- **WHAT YOU ARE ASKED TO DO**:
Only the lines from the first line of the records through the line containing "laundry area with" belong in the answer. Copy them exactly.
[[ THE DATA, beginning ]]
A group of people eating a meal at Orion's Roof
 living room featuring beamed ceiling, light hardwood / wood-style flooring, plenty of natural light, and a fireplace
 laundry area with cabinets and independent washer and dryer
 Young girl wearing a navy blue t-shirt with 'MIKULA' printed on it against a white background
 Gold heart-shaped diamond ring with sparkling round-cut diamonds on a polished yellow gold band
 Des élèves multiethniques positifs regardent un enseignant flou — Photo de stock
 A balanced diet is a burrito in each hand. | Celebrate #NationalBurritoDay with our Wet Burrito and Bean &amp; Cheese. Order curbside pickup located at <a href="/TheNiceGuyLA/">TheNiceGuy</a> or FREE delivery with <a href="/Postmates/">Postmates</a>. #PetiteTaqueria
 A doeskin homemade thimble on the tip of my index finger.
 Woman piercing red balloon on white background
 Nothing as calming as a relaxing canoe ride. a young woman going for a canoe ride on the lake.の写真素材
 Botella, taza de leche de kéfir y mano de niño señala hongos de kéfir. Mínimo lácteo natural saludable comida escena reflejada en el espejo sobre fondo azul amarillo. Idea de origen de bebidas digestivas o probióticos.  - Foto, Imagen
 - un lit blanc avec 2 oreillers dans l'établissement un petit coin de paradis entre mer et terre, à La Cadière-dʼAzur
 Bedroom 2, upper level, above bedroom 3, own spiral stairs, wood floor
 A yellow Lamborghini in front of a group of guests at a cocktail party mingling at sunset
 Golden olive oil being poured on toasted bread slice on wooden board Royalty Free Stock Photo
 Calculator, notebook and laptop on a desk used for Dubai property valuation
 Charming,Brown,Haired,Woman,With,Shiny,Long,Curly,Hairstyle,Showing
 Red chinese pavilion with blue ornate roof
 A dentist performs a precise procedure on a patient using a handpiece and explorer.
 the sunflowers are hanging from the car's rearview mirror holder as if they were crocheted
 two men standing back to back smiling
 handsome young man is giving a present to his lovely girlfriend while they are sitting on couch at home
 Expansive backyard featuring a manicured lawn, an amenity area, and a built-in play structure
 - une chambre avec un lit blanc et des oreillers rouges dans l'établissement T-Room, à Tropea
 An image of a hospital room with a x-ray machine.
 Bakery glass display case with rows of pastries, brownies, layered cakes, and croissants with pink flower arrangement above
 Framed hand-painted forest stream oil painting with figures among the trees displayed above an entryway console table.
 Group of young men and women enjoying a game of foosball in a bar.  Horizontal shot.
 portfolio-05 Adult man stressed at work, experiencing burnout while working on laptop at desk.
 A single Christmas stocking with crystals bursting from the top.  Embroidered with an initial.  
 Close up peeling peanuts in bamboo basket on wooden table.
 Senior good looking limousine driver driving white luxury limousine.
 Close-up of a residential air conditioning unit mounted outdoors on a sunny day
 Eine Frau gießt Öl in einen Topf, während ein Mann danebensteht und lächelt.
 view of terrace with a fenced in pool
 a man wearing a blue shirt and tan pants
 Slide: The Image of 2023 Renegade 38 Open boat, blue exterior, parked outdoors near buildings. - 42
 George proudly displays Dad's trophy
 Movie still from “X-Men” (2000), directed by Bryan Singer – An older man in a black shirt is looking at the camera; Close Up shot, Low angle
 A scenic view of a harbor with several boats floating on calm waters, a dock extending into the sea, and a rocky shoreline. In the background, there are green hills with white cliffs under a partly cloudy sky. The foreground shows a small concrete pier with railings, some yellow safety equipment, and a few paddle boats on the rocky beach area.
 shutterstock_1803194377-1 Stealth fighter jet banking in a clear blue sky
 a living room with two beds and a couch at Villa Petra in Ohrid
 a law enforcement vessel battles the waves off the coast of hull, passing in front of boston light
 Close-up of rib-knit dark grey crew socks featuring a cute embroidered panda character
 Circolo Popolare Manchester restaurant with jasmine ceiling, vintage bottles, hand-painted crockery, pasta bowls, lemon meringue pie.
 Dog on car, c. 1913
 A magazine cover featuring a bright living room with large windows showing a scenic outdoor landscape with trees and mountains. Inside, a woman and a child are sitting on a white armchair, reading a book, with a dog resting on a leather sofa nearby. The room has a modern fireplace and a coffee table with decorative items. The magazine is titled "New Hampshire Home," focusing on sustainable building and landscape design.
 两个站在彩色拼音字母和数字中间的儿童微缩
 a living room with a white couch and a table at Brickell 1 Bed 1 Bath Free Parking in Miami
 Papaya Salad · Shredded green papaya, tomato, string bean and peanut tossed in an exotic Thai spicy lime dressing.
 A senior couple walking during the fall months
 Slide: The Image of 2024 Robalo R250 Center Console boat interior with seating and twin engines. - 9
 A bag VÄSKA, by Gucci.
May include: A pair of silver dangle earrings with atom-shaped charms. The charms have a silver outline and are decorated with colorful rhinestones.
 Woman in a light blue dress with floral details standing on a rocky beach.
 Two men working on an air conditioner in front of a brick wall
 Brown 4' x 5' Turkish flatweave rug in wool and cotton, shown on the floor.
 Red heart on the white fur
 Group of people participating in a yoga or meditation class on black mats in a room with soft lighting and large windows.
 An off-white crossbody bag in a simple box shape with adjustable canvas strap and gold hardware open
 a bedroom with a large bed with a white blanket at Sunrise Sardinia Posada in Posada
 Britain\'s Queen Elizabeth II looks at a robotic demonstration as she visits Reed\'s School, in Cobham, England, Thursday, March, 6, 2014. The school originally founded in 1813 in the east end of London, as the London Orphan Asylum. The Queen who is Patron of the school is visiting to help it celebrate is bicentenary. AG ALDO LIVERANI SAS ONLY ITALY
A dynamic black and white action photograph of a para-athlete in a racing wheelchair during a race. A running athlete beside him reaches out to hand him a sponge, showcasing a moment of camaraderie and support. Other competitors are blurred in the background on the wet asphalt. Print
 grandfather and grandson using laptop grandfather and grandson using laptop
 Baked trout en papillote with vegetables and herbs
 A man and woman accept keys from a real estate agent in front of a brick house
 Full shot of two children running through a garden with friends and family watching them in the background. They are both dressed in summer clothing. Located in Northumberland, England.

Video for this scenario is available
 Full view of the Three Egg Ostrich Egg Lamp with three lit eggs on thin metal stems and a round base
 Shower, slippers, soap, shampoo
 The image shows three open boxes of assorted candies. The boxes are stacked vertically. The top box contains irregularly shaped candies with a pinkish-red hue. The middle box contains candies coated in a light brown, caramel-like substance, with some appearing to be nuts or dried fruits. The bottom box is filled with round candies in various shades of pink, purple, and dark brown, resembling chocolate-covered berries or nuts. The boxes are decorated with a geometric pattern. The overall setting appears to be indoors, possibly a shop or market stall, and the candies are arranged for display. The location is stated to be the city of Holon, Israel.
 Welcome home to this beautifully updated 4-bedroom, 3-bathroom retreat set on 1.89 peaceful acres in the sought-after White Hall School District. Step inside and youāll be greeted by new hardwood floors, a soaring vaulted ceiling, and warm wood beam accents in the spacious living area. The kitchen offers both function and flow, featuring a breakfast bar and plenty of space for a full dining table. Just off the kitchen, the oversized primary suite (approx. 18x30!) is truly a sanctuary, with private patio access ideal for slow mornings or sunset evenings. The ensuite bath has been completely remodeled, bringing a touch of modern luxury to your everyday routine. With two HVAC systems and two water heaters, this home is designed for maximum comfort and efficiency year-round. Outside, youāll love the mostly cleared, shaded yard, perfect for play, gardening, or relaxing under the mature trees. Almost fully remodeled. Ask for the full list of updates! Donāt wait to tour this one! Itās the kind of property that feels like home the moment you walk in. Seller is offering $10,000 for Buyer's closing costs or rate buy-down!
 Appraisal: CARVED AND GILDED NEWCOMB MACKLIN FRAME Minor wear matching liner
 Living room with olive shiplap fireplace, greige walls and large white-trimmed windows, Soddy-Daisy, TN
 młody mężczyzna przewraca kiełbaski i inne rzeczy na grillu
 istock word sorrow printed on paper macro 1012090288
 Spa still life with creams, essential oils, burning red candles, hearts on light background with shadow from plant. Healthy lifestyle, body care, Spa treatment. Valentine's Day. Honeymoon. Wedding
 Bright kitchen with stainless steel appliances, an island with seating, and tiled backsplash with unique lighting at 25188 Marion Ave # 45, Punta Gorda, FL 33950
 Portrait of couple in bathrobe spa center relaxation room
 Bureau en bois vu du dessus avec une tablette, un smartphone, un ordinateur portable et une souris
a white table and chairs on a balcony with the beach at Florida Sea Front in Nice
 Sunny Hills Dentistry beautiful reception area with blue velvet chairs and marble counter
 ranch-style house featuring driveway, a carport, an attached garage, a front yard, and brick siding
[[ THE DATA, end ]]
- **EXERCISE RESULT**:
A group of people eating a meal at Orion's Roof
 living room featuring beamed ceiling, light hardwood / wood-style flooring, plenty of natural light, and a fireplace
 laundry area with cabinets and independent washer and dryer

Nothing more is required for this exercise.